━━━━━ Data ━━━━━

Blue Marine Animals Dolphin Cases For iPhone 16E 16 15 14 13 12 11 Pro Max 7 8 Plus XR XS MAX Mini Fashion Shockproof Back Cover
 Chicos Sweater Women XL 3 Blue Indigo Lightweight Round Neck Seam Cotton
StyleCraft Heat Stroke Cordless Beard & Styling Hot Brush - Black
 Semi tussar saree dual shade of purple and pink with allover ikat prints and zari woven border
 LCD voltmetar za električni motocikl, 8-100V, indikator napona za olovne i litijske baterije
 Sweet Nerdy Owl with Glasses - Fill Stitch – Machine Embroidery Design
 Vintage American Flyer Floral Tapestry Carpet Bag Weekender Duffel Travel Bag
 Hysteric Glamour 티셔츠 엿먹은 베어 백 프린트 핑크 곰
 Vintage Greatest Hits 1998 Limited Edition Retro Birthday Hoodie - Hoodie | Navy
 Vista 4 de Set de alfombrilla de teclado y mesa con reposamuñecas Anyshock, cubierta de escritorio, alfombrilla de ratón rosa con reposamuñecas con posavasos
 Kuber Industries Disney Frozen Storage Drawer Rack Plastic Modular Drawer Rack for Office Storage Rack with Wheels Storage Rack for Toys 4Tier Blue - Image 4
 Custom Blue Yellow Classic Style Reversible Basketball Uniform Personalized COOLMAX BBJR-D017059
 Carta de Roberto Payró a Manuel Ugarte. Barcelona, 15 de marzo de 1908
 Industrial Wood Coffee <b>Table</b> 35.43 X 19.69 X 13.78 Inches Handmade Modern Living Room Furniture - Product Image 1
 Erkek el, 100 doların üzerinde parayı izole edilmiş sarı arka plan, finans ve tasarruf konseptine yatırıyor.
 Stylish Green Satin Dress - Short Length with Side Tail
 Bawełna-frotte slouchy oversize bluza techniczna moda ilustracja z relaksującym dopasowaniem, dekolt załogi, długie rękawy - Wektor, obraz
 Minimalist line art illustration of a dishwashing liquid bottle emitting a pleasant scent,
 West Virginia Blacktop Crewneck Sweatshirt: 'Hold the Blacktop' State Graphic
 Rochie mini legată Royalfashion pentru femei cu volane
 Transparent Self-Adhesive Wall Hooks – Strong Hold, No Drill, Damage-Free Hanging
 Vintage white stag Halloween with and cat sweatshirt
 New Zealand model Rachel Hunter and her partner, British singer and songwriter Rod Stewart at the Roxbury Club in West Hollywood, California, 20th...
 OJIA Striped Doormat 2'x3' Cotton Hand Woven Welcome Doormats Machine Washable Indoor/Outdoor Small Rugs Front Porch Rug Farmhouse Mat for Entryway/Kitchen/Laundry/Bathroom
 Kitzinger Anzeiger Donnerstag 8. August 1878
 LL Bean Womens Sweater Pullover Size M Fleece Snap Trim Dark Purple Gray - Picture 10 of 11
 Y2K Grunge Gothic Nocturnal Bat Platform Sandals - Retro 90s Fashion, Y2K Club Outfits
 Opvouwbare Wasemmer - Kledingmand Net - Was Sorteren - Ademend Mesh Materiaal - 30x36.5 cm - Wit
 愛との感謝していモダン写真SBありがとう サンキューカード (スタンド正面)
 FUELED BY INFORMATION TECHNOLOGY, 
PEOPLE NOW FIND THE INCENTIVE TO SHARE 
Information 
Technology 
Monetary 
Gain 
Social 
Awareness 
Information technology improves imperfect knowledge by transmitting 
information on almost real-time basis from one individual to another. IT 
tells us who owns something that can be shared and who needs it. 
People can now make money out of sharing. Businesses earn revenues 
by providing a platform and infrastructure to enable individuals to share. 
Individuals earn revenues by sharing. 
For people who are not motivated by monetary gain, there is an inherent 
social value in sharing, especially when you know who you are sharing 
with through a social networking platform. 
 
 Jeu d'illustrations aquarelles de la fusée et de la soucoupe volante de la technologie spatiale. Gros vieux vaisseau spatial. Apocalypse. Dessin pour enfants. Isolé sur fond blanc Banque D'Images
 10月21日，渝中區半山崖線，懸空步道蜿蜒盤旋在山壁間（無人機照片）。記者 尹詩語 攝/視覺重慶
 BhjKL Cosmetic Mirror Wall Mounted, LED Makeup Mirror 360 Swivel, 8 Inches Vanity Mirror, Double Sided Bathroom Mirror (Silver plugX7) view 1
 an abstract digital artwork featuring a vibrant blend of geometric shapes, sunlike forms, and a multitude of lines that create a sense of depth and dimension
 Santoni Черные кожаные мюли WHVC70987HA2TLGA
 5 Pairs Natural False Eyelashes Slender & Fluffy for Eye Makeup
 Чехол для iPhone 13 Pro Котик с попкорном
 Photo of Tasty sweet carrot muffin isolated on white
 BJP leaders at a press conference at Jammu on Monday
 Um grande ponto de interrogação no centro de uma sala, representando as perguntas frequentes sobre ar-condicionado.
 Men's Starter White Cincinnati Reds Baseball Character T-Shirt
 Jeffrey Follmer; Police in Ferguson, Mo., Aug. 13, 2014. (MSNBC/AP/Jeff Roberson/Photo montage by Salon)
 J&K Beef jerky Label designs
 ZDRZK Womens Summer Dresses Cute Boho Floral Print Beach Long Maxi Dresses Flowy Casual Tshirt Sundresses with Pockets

━━━━━

Assignment
Copy the stretch of the records above that runs from the line with "Um grande ponto" through the line with "Men's Starter White". Both end lines belong in the copy, and nothing else does.

Response for this exercise
 Um grande ponto de interrogação no centro de uma sala, representando as perguntas frequentes sobre ar-condicionado.
 Men's Starter White Cincinnati Reds Baseball Character T-Shirt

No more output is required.